The film follows six friends, members of an acting troupe who graduated from Cambridge University in 1982 and went their separate ways. Ten years later, Peter (Stephen Fry) inherits a large estate from his father, and invites the rest of the gang to spend New Year's holiday with him. Many changes have taken place in all of their lives, but Peter has a secret that will shock them all.
It is New Year's weekend and the friends of Peter (Fry) gather at his newly inherited country house. Ten years ago, they all acted together in a Cambridge University student comedy troupe. Since then they have gone in different directions and career paths.

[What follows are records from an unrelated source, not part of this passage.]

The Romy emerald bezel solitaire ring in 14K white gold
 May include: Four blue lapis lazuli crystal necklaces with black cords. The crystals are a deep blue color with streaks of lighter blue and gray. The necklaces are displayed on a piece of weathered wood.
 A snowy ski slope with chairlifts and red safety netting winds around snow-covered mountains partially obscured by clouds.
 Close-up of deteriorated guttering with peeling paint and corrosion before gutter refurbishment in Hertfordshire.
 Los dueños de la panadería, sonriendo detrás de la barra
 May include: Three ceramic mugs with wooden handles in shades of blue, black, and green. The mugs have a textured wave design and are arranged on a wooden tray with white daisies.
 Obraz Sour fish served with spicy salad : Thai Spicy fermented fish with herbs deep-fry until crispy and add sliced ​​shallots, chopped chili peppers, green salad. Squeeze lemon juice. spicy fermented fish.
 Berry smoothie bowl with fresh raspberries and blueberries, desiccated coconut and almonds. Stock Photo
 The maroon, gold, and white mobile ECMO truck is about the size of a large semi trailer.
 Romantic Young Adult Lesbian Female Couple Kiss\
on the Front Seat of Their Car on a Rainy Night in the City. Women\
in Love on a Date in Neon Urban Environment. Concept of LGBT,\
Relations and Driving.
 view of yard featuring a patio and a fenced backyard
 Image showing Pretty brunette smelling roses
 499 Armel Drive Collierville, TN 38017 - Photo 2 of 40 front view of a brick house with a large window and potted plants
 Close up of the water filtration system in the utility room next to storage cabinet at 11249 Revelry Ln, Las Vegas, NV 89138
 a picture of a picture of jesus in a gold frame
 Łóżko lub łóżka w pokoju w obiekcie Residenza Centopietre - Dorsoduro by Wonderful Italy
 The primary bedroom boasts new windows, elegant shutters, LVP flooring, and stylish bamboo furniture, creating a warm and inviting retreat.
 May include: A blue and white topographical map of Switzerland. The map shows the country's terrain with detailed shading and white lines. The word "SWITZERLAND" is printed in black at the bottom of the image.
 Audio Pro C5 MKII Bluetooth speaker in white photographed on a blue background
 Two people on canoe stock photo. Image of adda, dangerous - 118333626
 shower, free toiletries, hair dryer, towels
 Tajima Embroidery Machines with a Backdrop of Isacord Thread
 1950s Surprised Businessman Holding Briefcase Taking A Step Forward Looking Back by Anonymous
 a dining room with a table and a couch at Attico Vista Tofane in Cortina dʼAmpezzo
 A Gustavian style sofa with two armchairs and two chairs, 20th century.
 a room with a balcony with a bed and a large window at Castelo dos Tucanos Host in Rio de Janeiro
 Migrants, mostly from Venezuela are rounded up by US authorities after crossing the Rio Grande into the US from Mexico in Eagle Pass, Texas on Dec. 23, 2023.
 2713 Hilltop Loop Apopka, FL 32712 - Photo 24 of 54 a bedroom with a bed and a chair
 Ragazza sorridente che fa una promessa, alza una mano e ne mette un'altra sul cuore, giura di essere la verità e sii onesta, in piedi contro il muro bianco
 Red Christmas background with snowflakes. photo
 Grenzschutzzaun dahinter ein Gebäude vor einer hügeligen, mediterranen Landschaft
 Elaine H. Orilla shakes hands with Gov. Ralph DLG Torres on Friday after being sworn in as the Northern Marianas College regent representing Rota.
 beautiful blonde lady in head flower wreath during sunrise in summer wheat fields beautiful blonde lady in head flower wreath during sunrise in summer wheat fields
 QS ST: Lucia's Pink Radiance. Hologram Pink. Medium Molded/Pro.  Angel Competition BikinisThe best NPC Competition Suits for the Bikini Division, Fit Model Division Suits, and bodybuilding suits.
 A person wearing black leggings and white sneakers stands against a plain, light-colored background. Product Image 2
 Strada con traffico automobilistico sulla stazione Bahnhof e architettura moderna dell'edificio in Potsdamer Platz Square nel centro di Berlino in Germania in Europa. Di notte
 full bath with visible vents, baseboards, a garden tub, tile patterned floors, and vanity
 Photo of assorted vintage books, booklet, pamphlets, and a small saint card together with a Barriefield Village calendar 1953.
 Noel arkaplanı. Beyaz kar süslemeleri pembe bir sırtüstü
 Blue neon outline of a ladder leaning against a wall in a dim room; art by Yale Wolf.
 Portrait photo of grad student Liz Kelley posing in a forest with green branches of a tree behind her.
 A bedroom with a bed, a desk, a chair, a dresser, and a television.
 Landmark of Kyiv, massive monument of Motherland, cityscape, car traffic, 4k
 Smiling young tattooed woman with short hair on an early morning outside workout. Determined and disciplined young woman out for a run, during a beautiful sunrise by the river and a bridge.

Peter's friends are Andrew (Branagh), now a writer in Hollywood; married jingle writers Roger (Laurie) and Mary (Staunton); glamorous costume designer Sarah (Emmanuel); and eccentric Maggie (Thompson), who works in publishing. Joining them are Carol (Rudner), the American TV star wife of Andrew; and the impolite Brian (Slattery), Sarah's very recently acquired lover. Also accompanying them are Vera, Peter's long-serving housekeeper (Law), and her son Paul (Lowe).
Peter's father has recently died, and Peter plans to sell the house after this last party. Andrew and Carol's marriage is strained by the demands of her fame. Roger and Mary are recovering from a devastating personal tragedy only slowly revealed to the audience: the death of one of their children. A lonely Maggie is determined to persuade Peter they should be more than just friends, and Sarah's not as happy with her life as she appears.
The weekend does not go as planned. After a failed attempt to seduce Peter, Maggie receives a makeover from Carol and seduces Paul. Carol leaves Andrew and returns to America, and after a year of sobriety Andrew returns to the bottle. Roger and Mary reach an emotional breakthrough, share their grief and address her obsessive overprotection of their remaining child. Brian returns to his wife after realizing that Sarah is not interested in that which she already has, but only in that which belongs to someone else. In the climax of the film, Peter reveals the real reason for his bringing them all together: he is HIV-positive; at the time the film was made, HIV was incurable and inevitably fatal. The friends emerge from their own problems and pledge their assistance to Peter, and the weekend ends on a more upbeat note.